To stamp out the terrifying possibility of even a divine toe peeping over the threshold, all opposition has to be shut down. And so the great paradox is that the arch-hater of religious intolerance himself behaves with the zeal of a religious fundamentalist and, despite excoriating religion for stifling debate, does this in spades.

Ms Phillips has just published a book on the subject of “The World Turned Upside Down: The Global Battle over God, Truth and Power”. See her website for more info here.

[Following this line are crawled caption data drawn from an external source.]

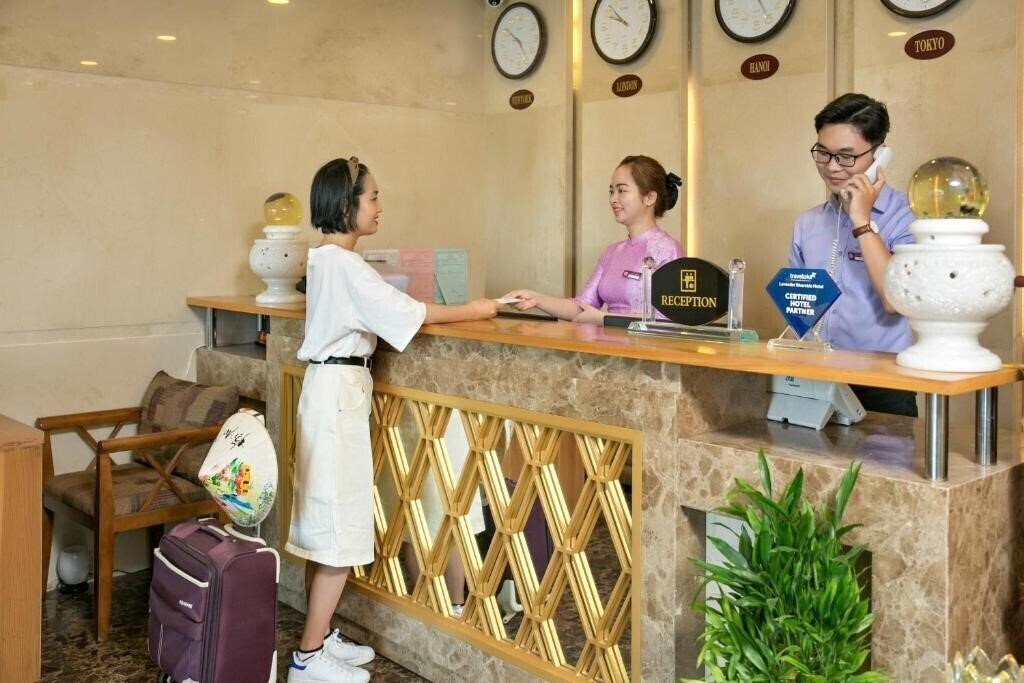 Зображення Lavender Riverside Hotel Danang 3*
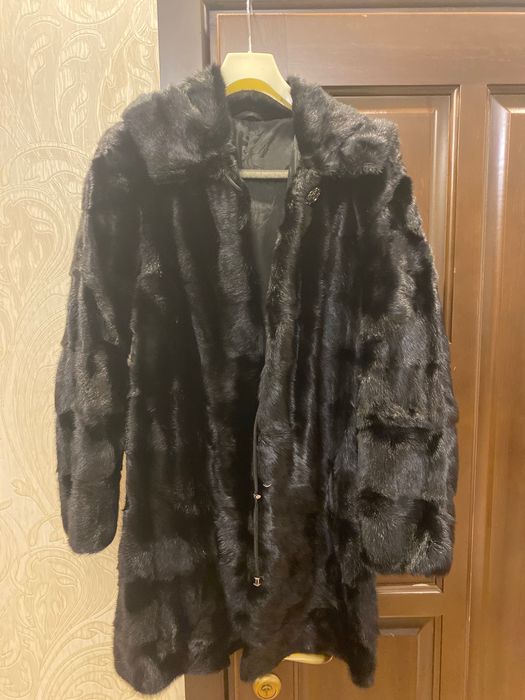 Продам норковую шубу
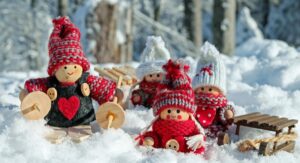 Best Christmas Quotes for Family, Friends Inspiration
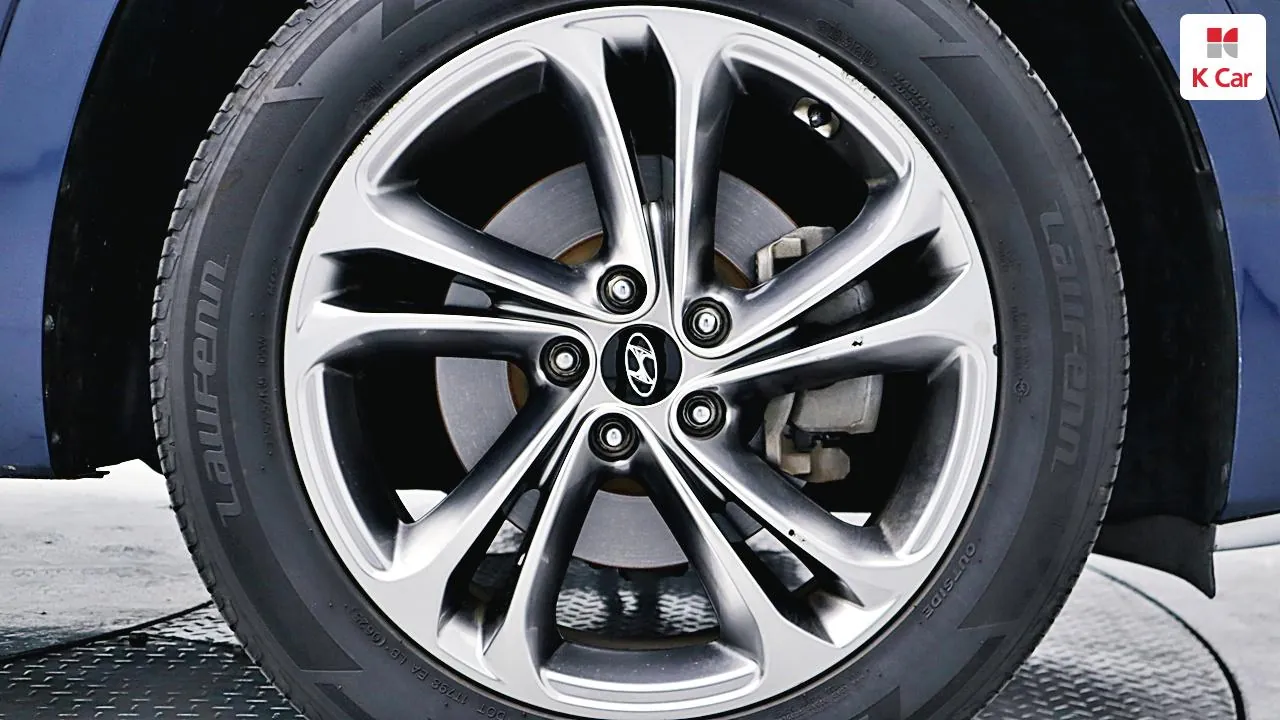 Hyundai Santa Fe 2019 photo 5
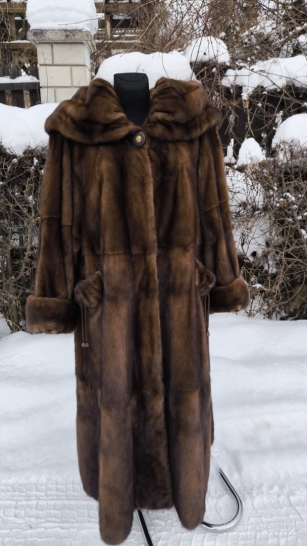 Prabangus italiski istisines audines kailiniai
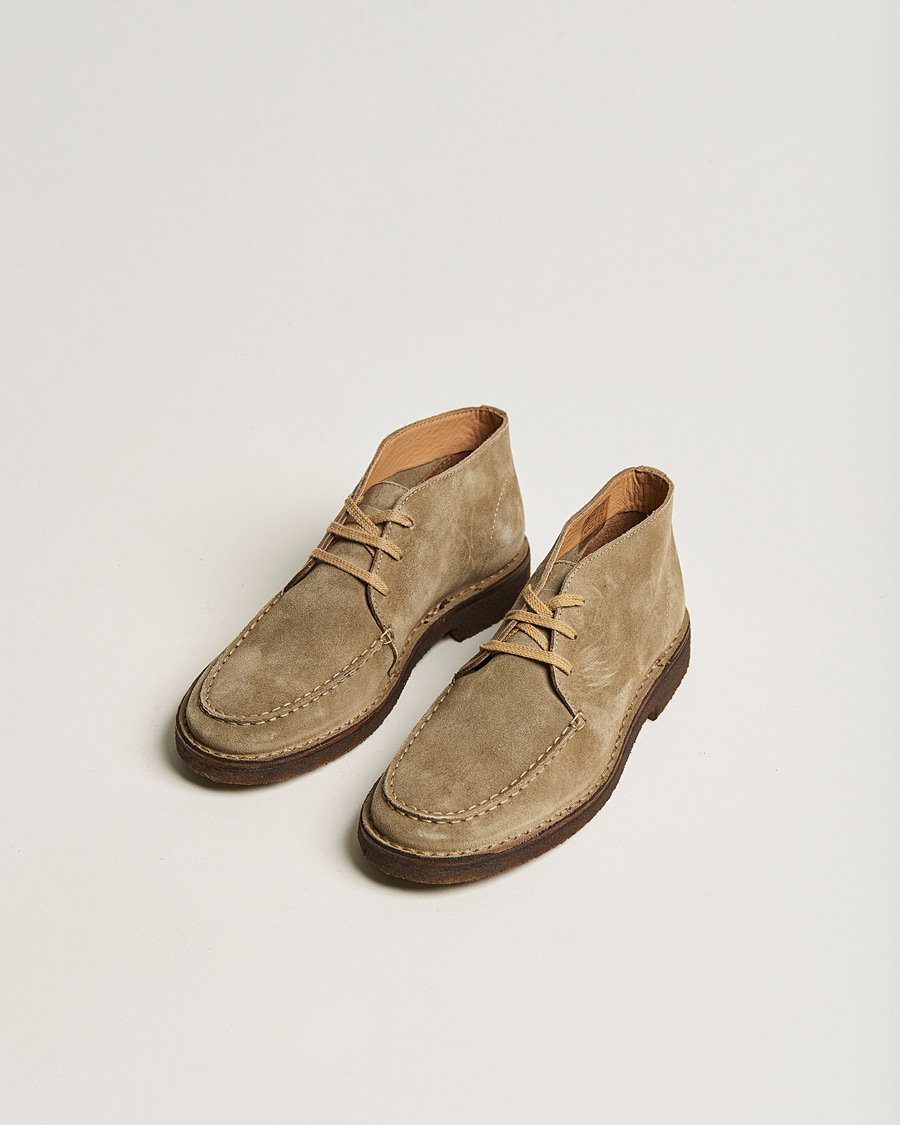Herr | Best of British | Drake\'s | Crosby Moc-Toe Suede Chukka Boots Sand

Picking up the “fear of rigorous thinking” suggestion is David B. Hart in the current edition of First Things: “Believe it or not”. He writes about “New Atheism” (on which he is also about to publish a book: Atheist Delusions: The Christian Revolution and Its Fashionable Enemies ) in general that it:

has by now proved itself to be so intellectually and morally trivial that it has to be classified as just a form of light entertainment, and popular culture always tires of its diversions sooner or later and moves on to other, equally ephemeral toys.
Take, for instance, the recently published 50 Voices of Disbelief: Why We Are Atheists . Simple probability, surely, would seem to dictate that a collection of essays by fifty fairly intelligent and zealous atheists would contain at least one logically compelling, deeply informed, morally profound, or conceptually arresting argument for not believing in God. Certainly that was my hope in picking it up. Instead, I came away from the whole drab assemblage of preachments and preenings feeling rather as if I had just left a large banquet at which I had been made to dine entirely on crushed ice and water vapor.
…I am not—honestly, I am not—simply being dismissive here. The utter inconsequentiality of contemporary atheism is a social and spiritual catastrophe. Something splendid and irreplaceable has taken leave of our culture—some great moral and intellectual capacity that once inspired the more heroic expressions of belief and unbelief alike. Skepticism and atheism are, at least in their highest manifestations, noble, precious, and even necessary traditions, and even the most fervent of believers should acknowledge that both are often inspired by a profound moral alarm at evil and suffering, at the corruption of religious institutions, at psychological terrorism, at injustices either prompted or abetted by religious doctrines, at arid dogmatisms and inane fideisms, and at worldly power wielded in the name of otherworldly goods. In the best kinds of unbelief, there is something of the moral grandeur of the prophets—a deep and admirable abhorrence of those vicious idolatries that enslave minds and justify our worst cruelties.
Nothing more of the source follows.